Also, to those of you who rushed over to order Scrappy Bags, thanks. That's a few of them, above. I was tickled with the way they came together, and hope you will be, too. They're all in the mail... straight to you from Freeman House. Enjoy! (And you should know that a percentage of all Freeman House Shop purchases goes toward youth outreach ministries in east Texas. So God bless y'all real good, too.)

Yep, today we're doing instead of talking. (Or reading online devotionals.) So smile at someone today. Make a phone call. Send a letter. Buy someone dinner. Pray for someone. Tell someone you love them. It doesn't take much to matter.

'I tell you the truth,
whatever you did for one of the least
of these brothers of mine,
you did for Me.'
-Matthew 25:40

Sunday, January 27, 2008

Leisure Hours

I would not exchange my leisure hours
for all the wealth in the world.
-Comte de Mirabeau

The worst thing about being sicker than a dog-kicking nun-tripper is you miss out on so much: meals you have to chew... sunny afternoons... church. But the up side is satisfactory enough: leisure hours.

I love being in my room. Miss it when I'm away. So today, after forcing myself to wash and hang curtains out to dry (blech), I settled into fluffy pillows to watch CBS Sunday Morning. Do y'all ever catch it? I became addicted while working for CBS, and it's my favorite info-tainment program ever.

Anyway, add to the sunny morning a stop-in from a darling friend (bearing pink tulips... enough for a pot on each nightstand!), and I'm in sick business. Can't seem to stop glancing over at the two beautiful pots on either side of my comfy, cozy bed and gasping at the pretty sight.

Tomorrow I'll be well, but I think I'll be sick right here for the rest of the day. You would probably want to, too, if you were here.

Saturday, January 26, 2008

Sweet Tea: The Cure for What Ails

We southern girls love our sweet tea. For many of us, it's a necessity. A link to our families and memories. I'm no exception. My days... every one of them... are accompanied by a tall, cool glass of sweet tea. Even in the throws of January.

I came down with something nasty Thursday night. I got out of bed twice yesterday, I think - once to take out the trash and once to see to the mail. Nearly fell over in the road and rested both times. I kept thinking that maybe I was just really tired, for some reason, until I realized that I dialed my telephone banking service and had somehow pressed "2" instead of "1" and had been responding to the nice Spanish-speaking lady. For 14 minutes and 36 seconds. I can't be sure, but I may have transferred all my money to Guatemala. Yep, think I'm sick. So I took something and watched Monk and then slept. Slept and slept and slept.

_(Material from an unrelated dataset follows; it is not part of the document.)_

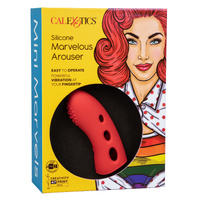 Marvelous Arouser Finger Vibrator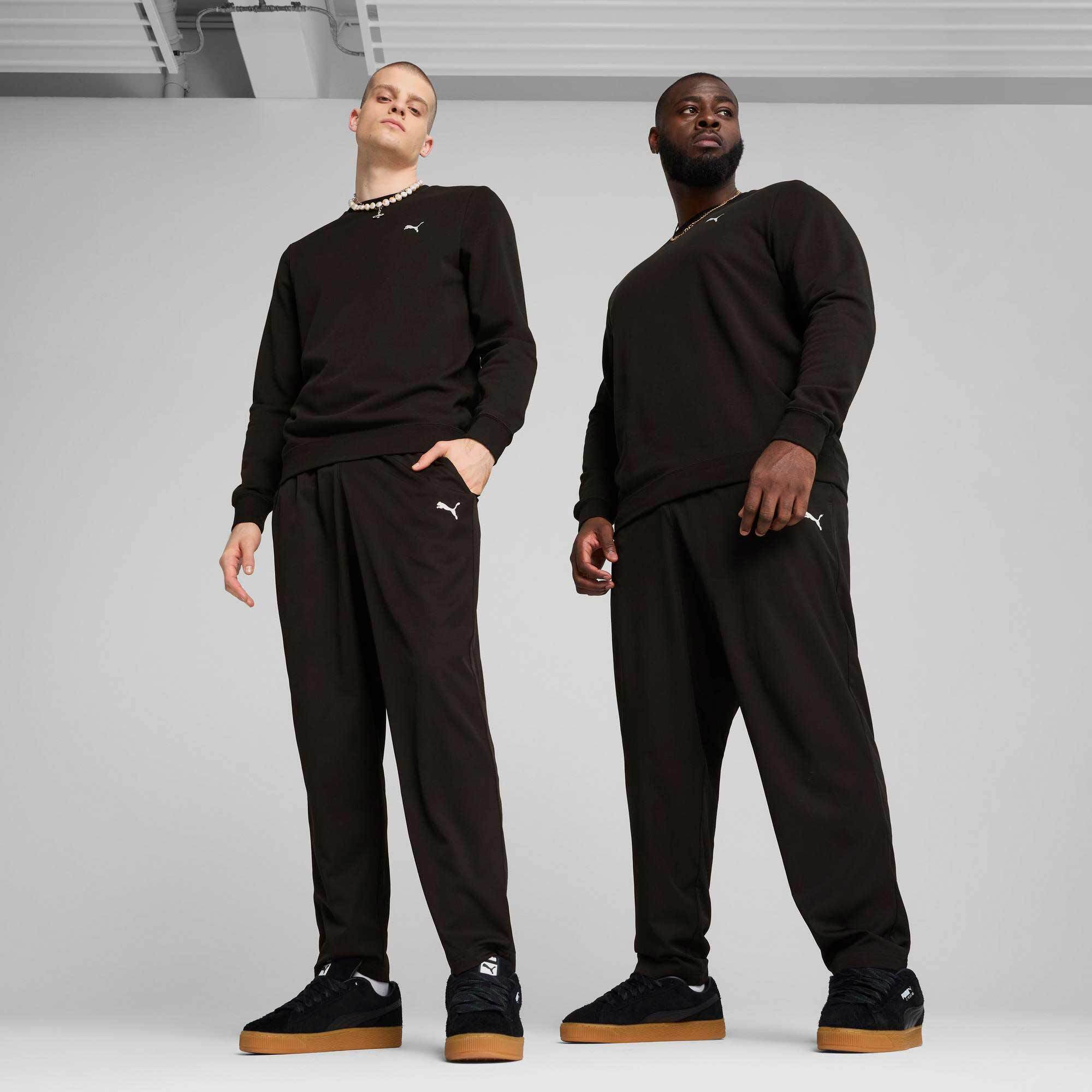 Puma Mens Essentials Woven Pant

When most people are sick they want chicken soup and flat Dr. Pepper and Saltines and things of that nature, right? Not me. When I'm sick I (never fail) wish for the following: chocolate pudding and orange juice. Cold things. Always. But this time I've prayed for peanut butter cookies and iced tea. (My peanut butter cookies. I may be partial, but they're the best.) Since I'm not eating carbs at the moment... and haven't been in almost a month... the cookies would have to wait. So iced tea it is. Let's talk tea.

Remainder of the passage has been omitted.